An example: after Vicky comes out as gay, she finds herself repeatedly disappointed by evangelical friends and churches where once she led worship and worked because they no longer invite her to play, to sing, to dine with them. But in the earlier part of her book, she goes into great detail about how she regularly felt she built up a very distant personality, and was often by herself. It was as if she was afraid that getting close to people might mean giving herself away; she feared that letting people see she was gay could be career suicide. (Eventually, it was.) I understand the fear; but at times I wanted to ask - do you ever think if you'd not felt like you had to keep your distance beforehand, some might not have kept their distance afterwards? The only people described as close friends before her coming out are described as staying close after. The risk in being open is frighteningly described by Vicky - but I confess I felt a bit of sympathy for those who showed no understanding to her. Not for their bigotry; but because they never really knew her anyway. Their double loss, I think.
For me this was more powerful than some of Vicky's overtly theological stuff. This got me thinking about the power of fear for those of us who are gay in the church, the fear of rejection simply because of who we are, an experience-based fear which limits us from making full connections with people and so becomes a self-fulfilling prophecy of exclusion. It is a terrible thing, with devastating consequences.

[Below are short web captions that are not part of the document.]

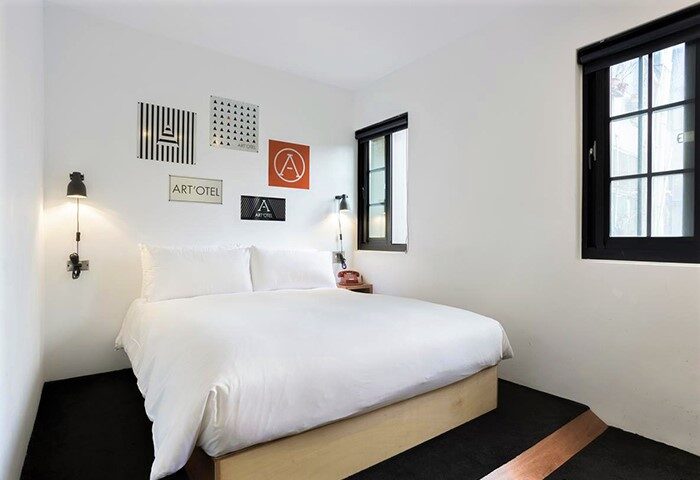 Art'otel Ximending Taipei room. Gay-friendly hotel with white bedding, black window frames, and modern art on the wall. Great for gay travelers.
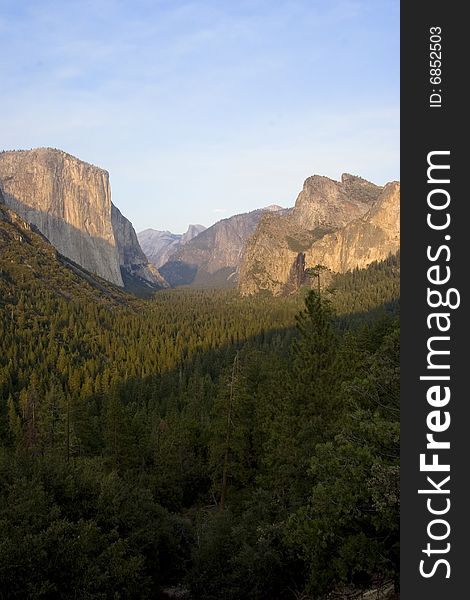 A wonderfull view of mountains with a forest in front of it. A wonderfull view of mountains with a forest in front of it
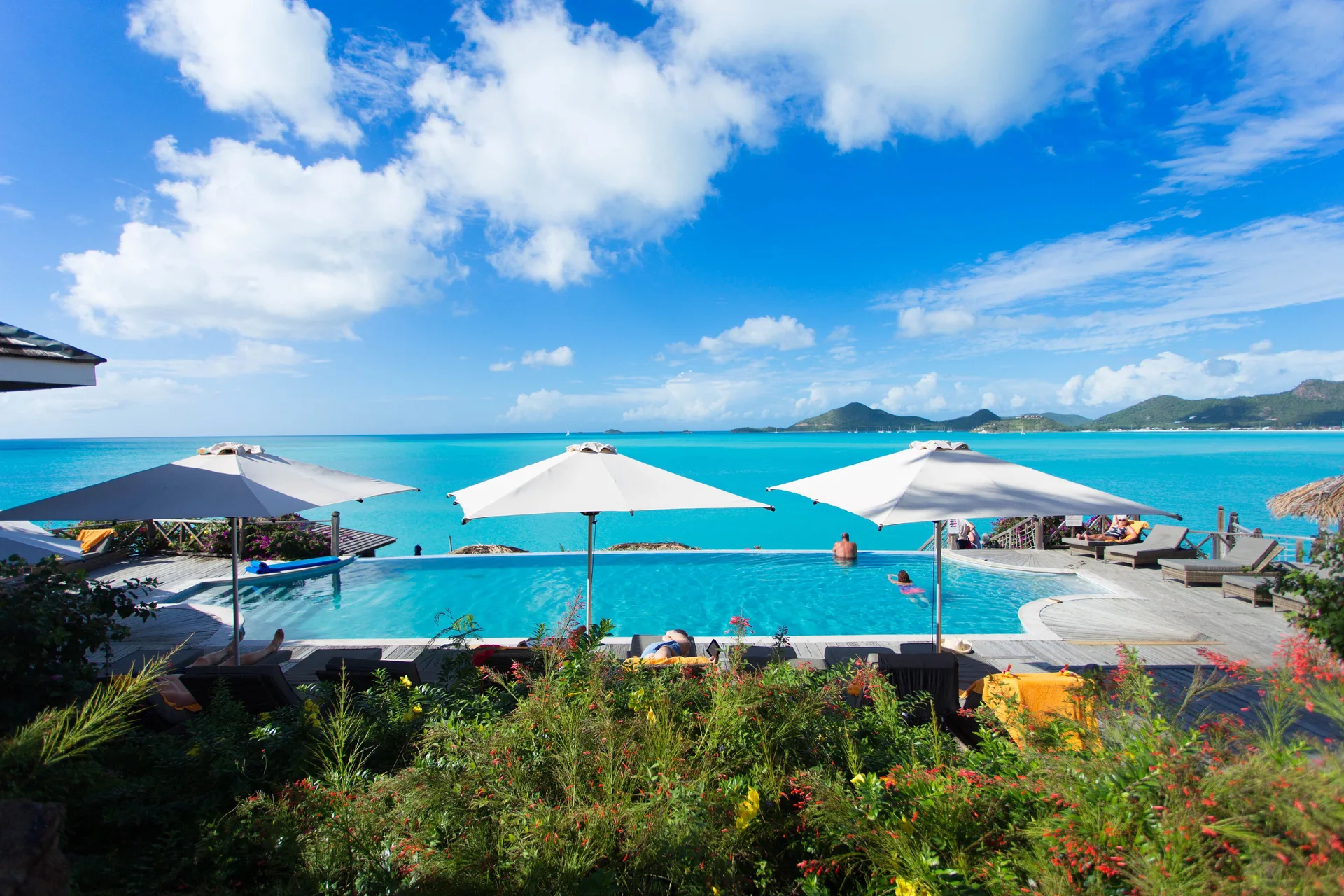 Infinity pool with white umbrellas overlooking turquoise water at Cocobay Resort.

Jayne describes the experience of taking this risk of revealing herself to others repeatedly in her story, (and I have certainly taken it in my own life; frankly - for me, it's a risk that has played out both with success and with crushing failure) and she demonstrates how time and again God blessed those risks, even if sometimes there was rejection. In the end, Vicky's Christian music business world therefore feels an even harder place than Jayne's high-powered Anglican evangelical churches and councils. I'm glad I'm just a parish priest and have only ever brushed against the edges of either...
Both women are terrific role models. They encourage people to believe they can be Christian and gay - which is fantastic. They stand out and - through good times and bad - show God's love and his power to bring life in all its fulness.
I'm deeply grateful for both these books and wholeheartedly commend them.